Action item
Filter the data below for the string "want" and copy each matching line.

Source information
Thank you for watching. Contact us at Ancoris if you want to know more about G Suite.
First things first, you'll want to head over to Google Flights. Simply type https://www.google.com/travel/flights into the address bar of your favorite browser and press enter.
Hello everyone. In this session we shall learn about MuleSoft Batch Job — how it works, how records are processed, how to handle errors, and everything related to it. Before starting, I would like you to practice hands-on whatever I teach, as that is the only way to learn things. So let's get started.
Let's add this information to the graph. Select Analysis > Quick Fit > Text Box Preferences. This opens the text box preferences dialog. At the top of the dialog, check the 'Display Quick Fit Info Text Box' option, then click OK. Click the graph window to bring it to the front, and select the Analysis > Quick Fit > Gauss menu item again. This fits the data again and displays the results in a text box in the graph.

* * *

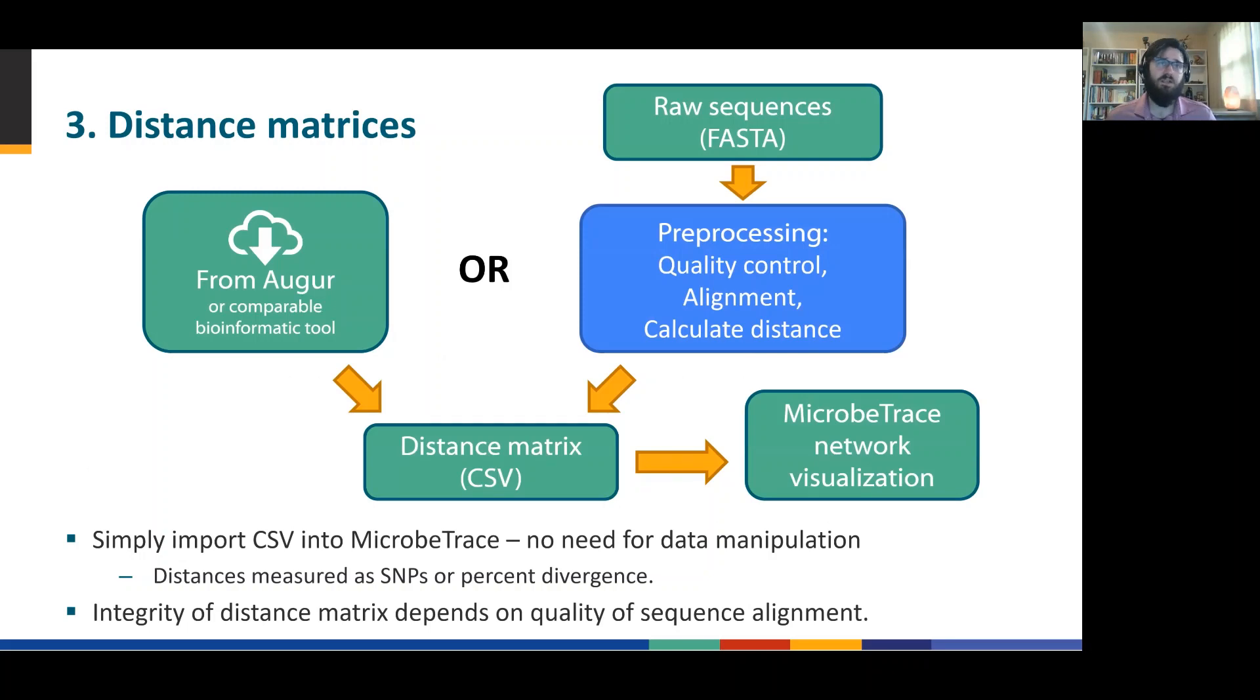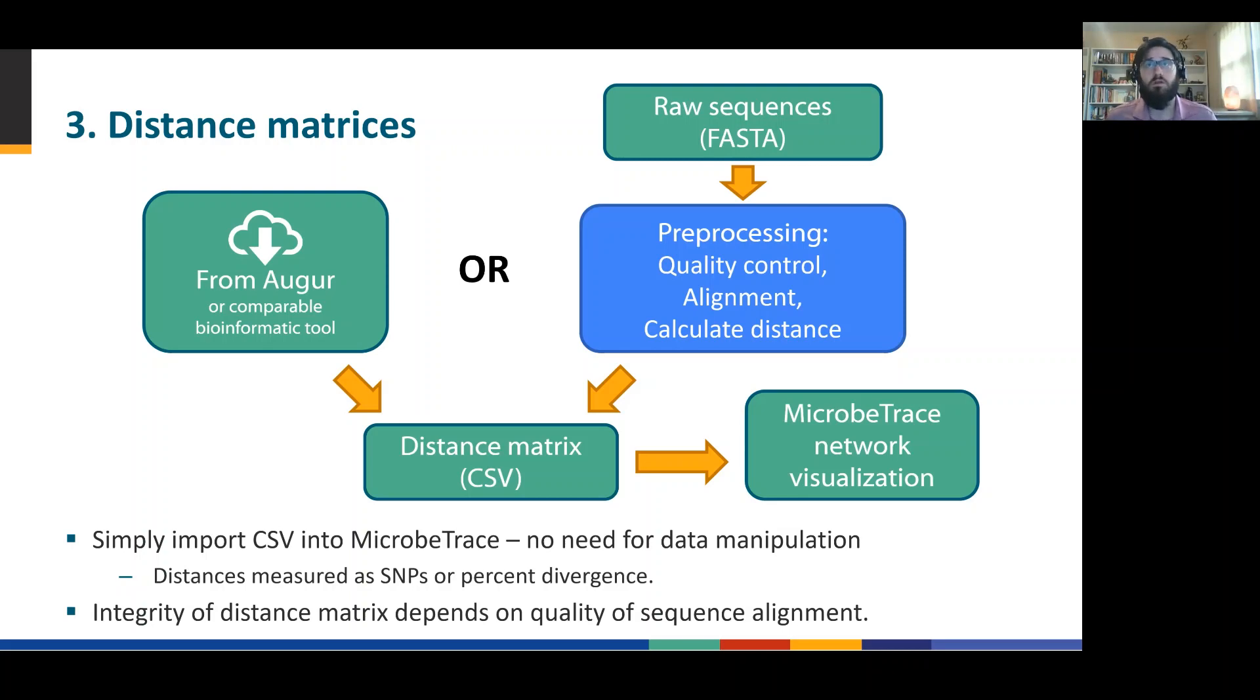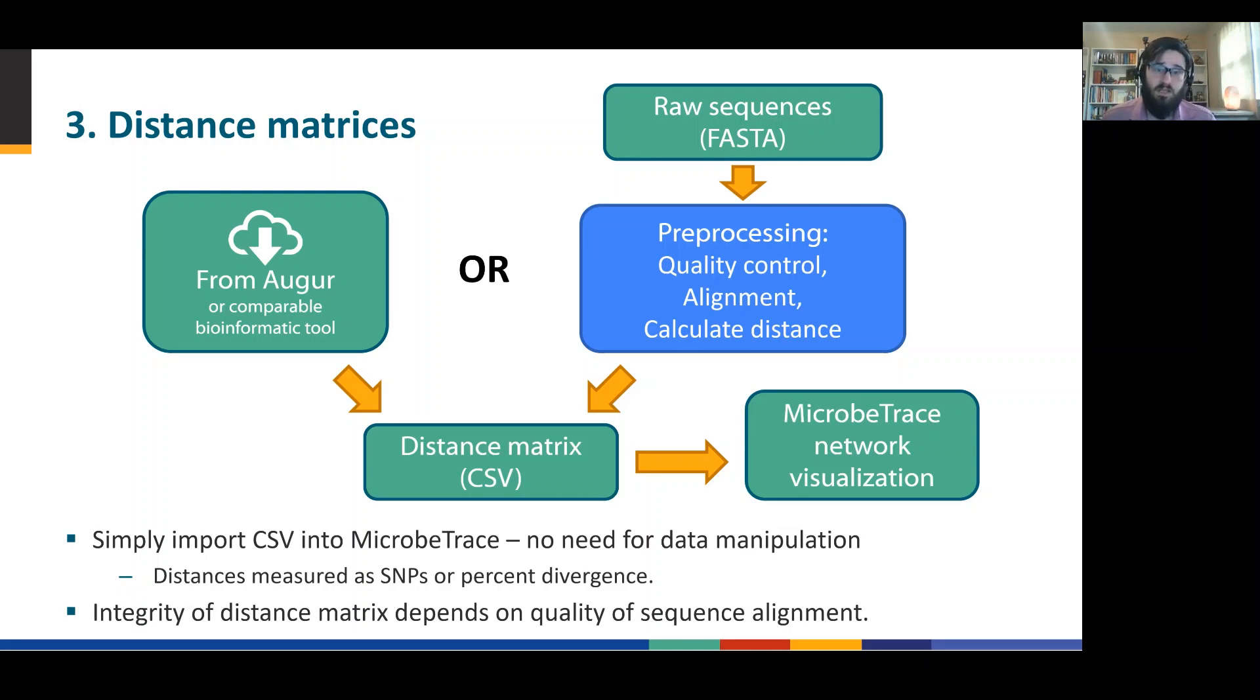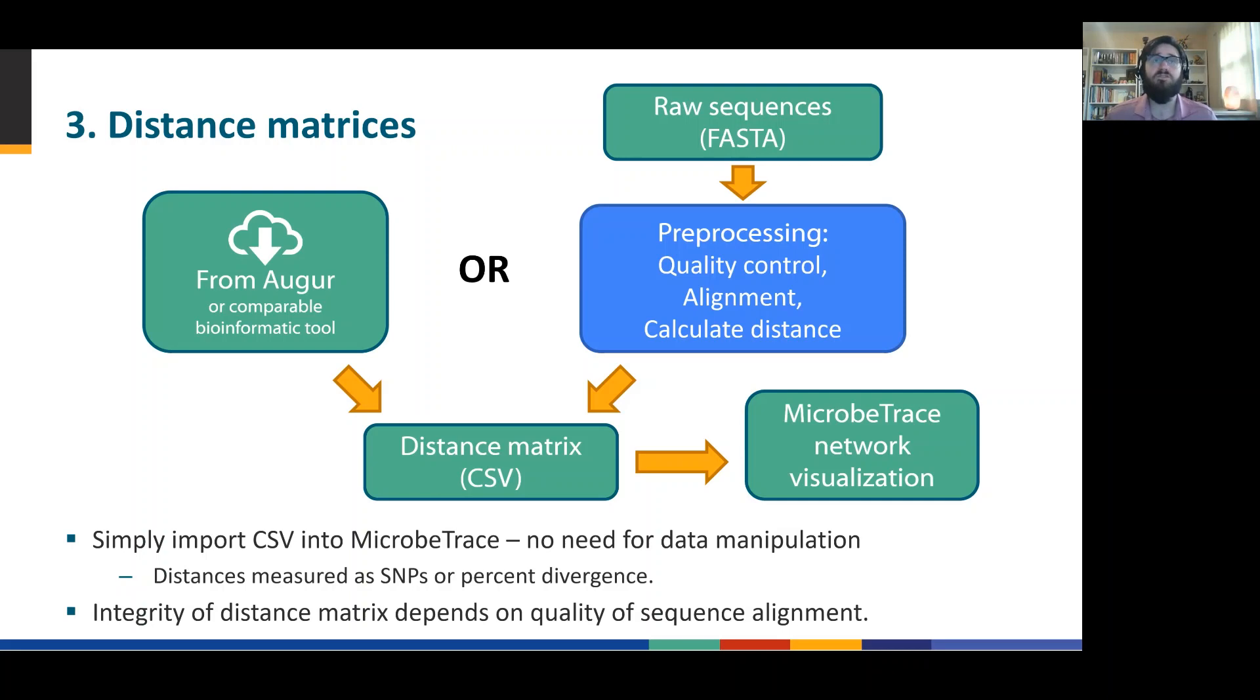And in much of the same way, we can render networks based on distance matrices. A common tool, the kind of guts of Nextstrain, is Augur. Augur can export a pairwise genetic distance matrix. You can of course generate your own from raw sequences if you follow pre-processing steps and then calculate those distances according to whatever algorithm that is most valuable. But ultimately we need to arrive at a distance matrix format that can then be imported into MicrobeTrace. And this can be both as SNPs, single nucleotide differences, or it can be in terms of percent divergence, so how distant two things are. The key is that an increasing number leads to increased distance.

Solution to this problem
Thank you for watching. Contact us at Ancoris if you want to know more about G Suite.
First things first, you'll want to head over to Google Flights. Simply type https://www.google.com/travel/flights into the address bar of your favorite browser and press enter.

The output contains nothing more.